## Project Progress Report: Introduction

### Changes from proposal:
- Data Handler role changed from Arman to Lachlan
- Data Visualizer role changed from Lachlan to Arman

Reasons: Arman was ill for several classes during which APIs were covered + convenience surrounding the repair timing of my (Lachlan's) inbuilt keyboard breaking

### Structure of the Report:

I will pull the data that is needed to answer the questions and talk a bit about next steps.

## Step 0: Imports + Getting API Key from User Data

In [1]:
import requests
from pprint import pprint
import json
import pandas as pd

In [2]:
# getting api key from user secrets
from google.colab import userdata
api_key = userdata.get('TMDB_API')

In [3]:
# I decided to store the data in parquet files after pulling it
from google.colab import drive
drive.mount('drive')

Drive already mounted at drive; to attempt to forcibly remount, call drive.mount("drive", force_remount=True).

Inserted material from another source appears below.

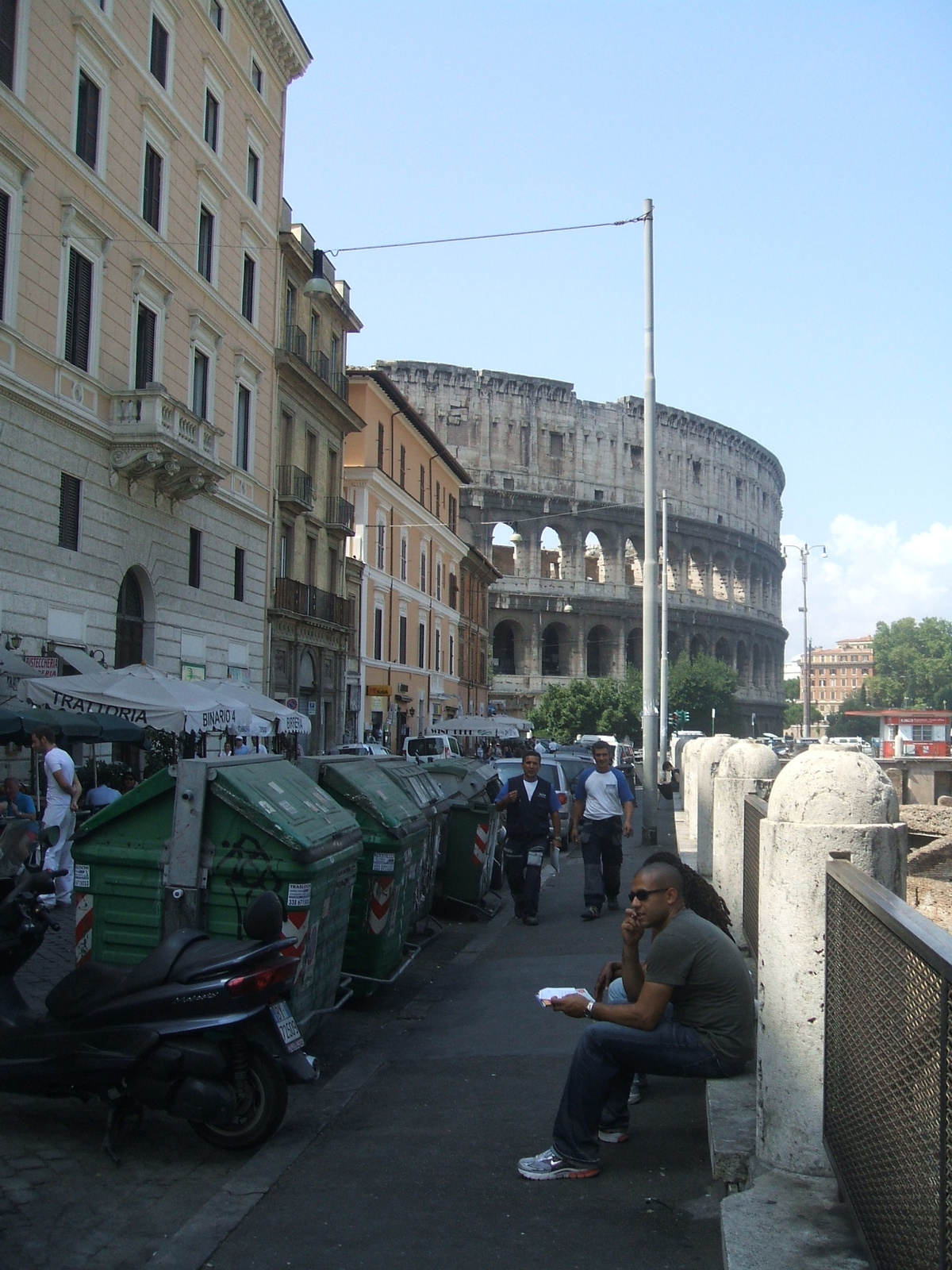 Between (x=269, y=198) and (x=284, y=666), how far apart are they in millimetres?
11531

## Step 1: Making Sure We Can Call the API

In [4]:
params = {"api_key": api_key}
url = f"https://api.themoviedb.org/3/genre/movie/list"
response = requests.get(url,params)
print(response.status_code)

200


## Step 2: Pulling Data

### Core Questions

1. How does budget correlate to user score?
2. How does user score correlate to revenue?
3. Is there a correlation between release year and user score?
4. What are the most common keywords and genres on the list of top rated movies?
5. Who are the most common actors among the top rated movies?


Questions 1-3 are on a general sample of movies and questions 4-5 are on top rated movies.

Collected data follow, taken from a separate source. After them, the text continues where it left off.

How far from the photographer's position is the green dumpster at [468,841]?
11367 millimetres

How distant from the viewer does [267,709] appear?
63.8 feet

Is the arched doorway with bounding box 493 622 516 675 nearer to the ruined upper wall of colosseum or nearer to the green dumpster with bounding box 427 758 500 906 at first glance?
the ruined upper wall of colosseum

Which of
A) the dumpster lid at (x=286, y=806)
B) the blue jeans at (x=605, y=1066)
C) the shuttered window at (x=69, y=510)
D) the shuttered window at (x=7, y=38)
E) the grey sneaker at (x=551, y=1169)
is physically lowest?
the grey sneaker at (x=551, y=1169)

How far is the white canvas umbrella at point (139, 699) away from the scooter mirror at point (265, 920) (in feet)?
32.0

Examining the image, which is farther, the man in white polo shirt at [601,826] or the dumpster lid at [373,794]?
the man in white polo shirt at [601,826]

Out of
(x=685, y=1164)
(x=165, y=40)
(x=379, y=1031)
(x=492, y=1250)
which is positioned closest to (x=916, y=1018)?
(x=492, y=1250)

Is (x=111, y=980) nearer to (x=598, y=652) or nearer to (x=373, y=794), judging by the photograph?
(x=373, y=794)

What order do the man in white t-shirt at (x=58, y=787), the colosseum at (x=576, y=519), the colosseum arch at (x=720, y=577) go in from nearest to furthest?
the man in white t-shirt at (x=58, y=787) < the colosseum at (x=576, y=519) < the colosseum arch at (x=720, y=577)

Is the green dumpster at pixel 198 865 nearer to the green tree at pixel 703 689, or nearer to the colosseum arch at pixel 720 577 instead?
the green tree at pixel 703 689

For a general sample of movies, we decided to pull the movies with the highest vote counts since they should also have more accurate data on stuff like revenue and release year.

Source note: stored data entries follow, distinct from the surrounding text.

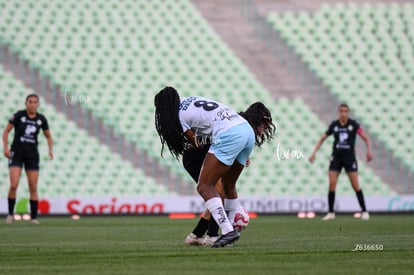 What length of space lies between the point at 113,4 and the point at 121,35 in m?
1.00

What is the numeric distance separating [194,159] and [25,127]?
674cm

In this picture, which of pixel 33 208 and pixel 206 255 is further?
pixel 33 208

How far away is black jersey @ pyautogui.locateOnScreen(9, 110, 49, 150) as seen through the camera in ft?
50.5

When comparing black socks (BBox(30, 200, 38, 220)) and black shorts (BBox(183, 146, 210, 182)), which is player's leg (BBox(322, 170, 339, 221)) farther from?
black shorts (BBox(183, 146, 210, 182))

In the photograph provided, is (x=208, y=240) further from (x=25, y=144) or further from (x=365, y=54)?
(x=365, y=54)

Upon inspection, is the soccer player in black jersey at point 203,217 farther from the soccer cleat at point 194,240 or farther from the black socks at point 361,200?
the black socks at point 361,200

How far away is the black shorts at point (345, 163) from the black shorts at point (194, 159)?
841 centimetres

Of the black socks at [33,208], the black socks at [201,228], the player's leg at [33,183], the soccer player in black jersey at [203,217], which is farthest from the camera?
the black socks at [33,208]

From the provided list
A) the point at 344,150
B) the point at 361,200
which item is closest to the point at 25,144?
the point at 344,150

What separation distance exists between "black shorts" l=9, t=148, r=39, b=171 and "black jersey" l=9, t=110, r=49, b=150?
117 mm

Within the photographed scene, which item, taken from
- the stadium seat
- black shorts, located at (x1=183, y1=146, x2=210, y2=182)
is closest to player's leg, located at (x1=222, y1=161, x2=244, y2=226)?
black shorts, located at (x1=183, y1=146, x2=210, y2=182)

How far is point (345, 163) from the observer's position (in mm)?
17438

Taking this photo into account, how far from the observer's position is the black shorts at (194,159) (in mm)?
9328

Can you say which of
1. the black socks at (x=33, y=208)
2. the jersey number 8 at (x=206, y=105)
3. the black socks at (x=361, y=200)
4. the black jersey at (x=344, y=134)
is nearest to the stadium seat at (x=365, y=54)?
the black socks at (x=361, y=200)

The most voted movies dataframe needs:
- user score
- revenue
- release year
- budget

The top rated movies dataframe needs:
- keywords
- genres
- actors

Both will need movie id from the initial API call in order to fetch additional data. Title might become useful in later steps (ex. for storytelling), so I'll include that too.

Note: We can do approximately 40 requests/second before being rate limited.

### Step 2.1: Getting The Most Voted Movies

The [discover movie](https://developer.themoviedb.org/reference/discover-movie) request allows us to get a list of movies with their id, title (and original title), release date, and vote average (user score).

Budget and revenue can be obtained via the [movie details](https://api.themoviedb.org/3/movie/{movie_id}) request.

In [5]:
discover_movies_url = "https://api.themoviedb.org/3/discover/movie"
params = {"api_key": api_key, "page": 1, "sort_by": 'vote_count.desc'}

# placeholder for getting all of the pages of movie data into one
aggregate = []

# pulls results pages 1-40
for i in range(1,41):
    params["page"] = i

    response = requests.get(discover_movies_url,params)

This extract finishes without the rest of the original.